Lake Victoria in Central Africa#

Svalbard

Define the boundary of the inland water body or area extent of your study area.#

The lower left longitude and latitude in degree decimal follow by the Upper right longitude and latitude in degree decimal also. (longitude, latitude, longitude, latitude)

The date interval needs to be specify as well.

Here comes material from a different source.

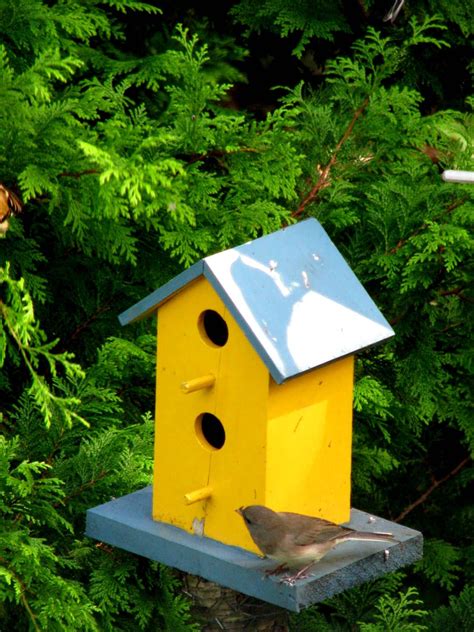 Yellow Finch Bird House Plans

#Define CSA study area and type of data Lower left long,lat, upper right long, lat, you can also change the ATLs based on
#need, ATL06, ATL08, ATL03 ETC. e. Lake Victoria located between Uganda, Kneya and Tanzania
region_a = ipx.Query('ATL13', [ 31.966824, -1.833499, 33.875129, -0.495605], ['2018-10-01','2023-07-20'], \
                          start_time='00:00:00', end_time='23:59:59')
region_a.avail_granules()

{'Number of available granules': 303,
 'Average size of granules (MB)': 75.65766270955413,
 'Total size of all granules (MB)': 22924.27180099492}

This is to authentic if you are loggedin or not. To be able to do this, you need to have registered on Earthdata.

#Login
region_a.earthdata_login('user name','email') #change this to your earthdata username and password

EARTHDATA_USERNAME and EARTHDATA_PASSWORD are not set in the current environment, try setting them or use a different strategy (netrc, interactive)
You're now authenticated with NASA Earthdata Login
Using token with expiration date: 10/07/2023

Now this will tell us the number of available granules that are present for the region and duration.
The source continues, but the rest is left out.